If you have trees on your property, come Fall you probably spend a few hours raking, bagging and removing the leaves off your property every year. However, exposed bare soil doesn’t hold rainwater as well as leaf mulch. Leaves left on the ground help ensure water sits long enough before overrunning our drainage systems. Then in summer, the leaves act as a mulch that conserves water, helping your plants stay hydrated in dry periods and drought. The leaves will eventually break down and release nutrients back into the soil for your plants to reabsorb, making healthier plants. Leaf litter also provides habitat for native insects and wildlife, including bumblebees, butterflies, moths, frogs, and fireflies (in some parts of BC!).
If every yard in our communities got on board with leaving the leaves, together we could help take the toll off of our city drainage systems in the event we have another extreme weather situation.
“We need to rethink our old views of gardening as we deal with new challenges of climate and environment”

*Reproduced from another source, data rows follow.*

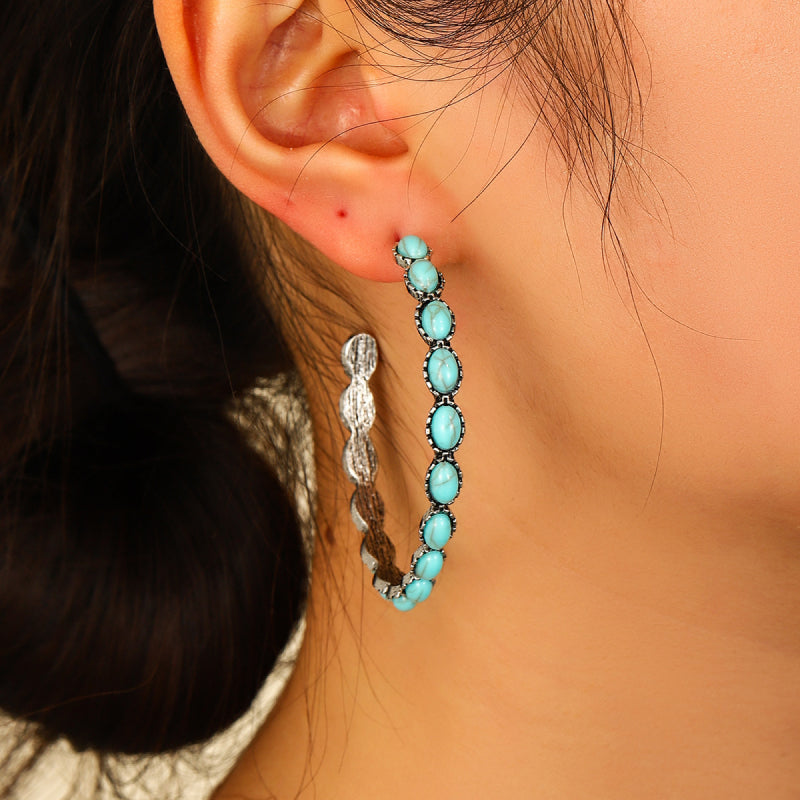 Artificial turquoise c-hoop earrings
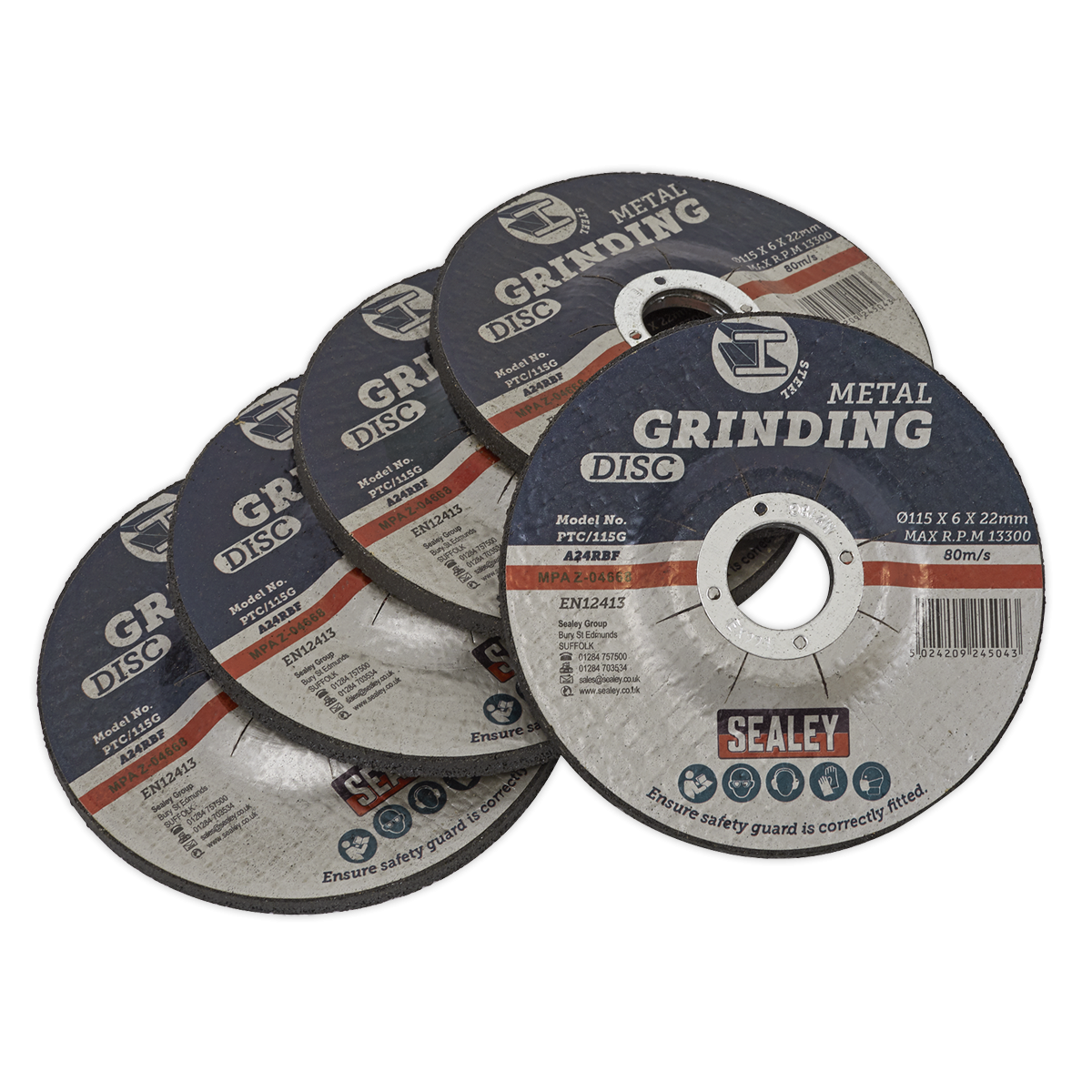 Sealey PTC/115G5 115 x 6mm Grinding Disc 22mm Bore - Pack of 5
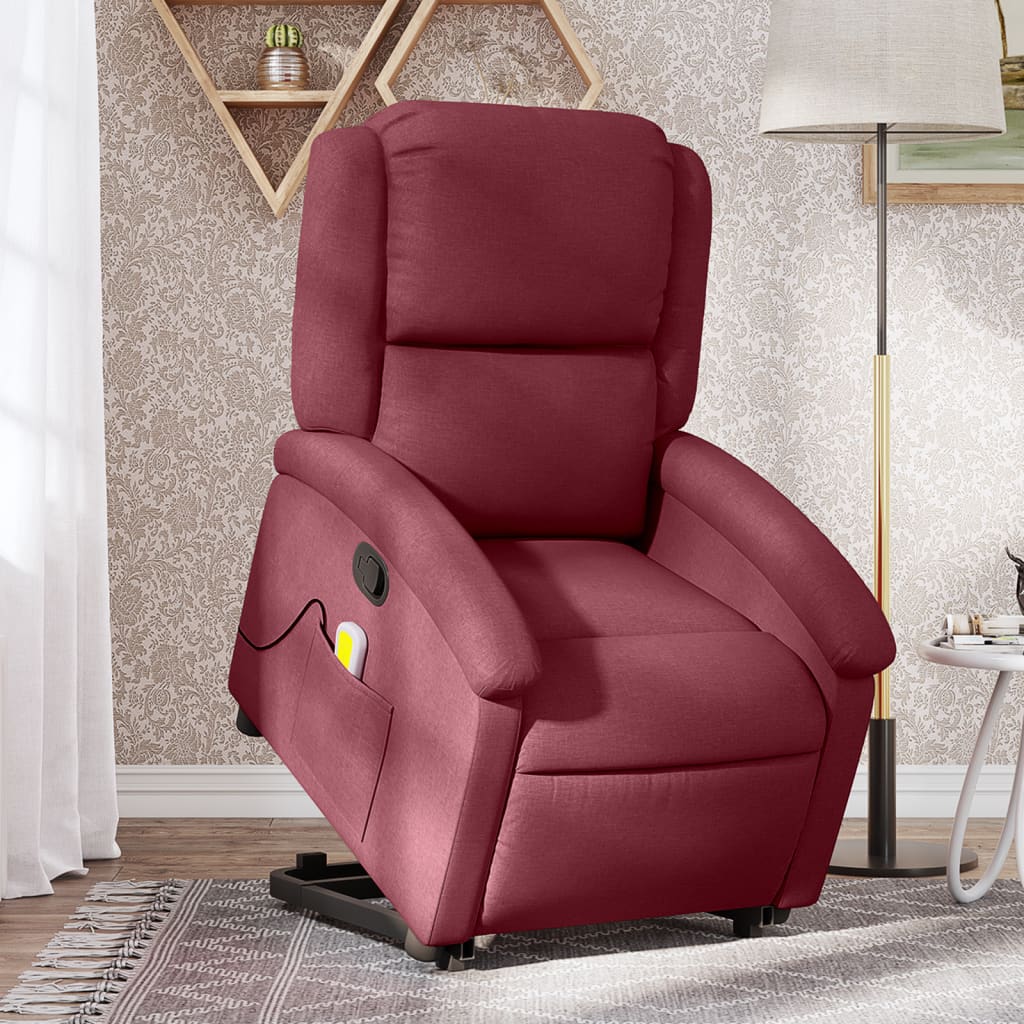 Fauteuil inclinable de massage Rouge bordeaux Tissu - XIOS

We can rake leaves onto garden beds, leave them where they fall, or pile leaves to make new garden beds. While leaving the leaves isn’t the ultimate solution to extreme weather, it is one of many ways we can help mitigate the risk of flooding during heavy rainstorms. With future weather and climate challenges ahead, we need to build more resilient communities, and our gardens can be an easy place to start, with the potential for a huge impact if every neighbourhood yard works together. So consider this next Autumn: Leave the leaves, and help manage rainwater in your community today.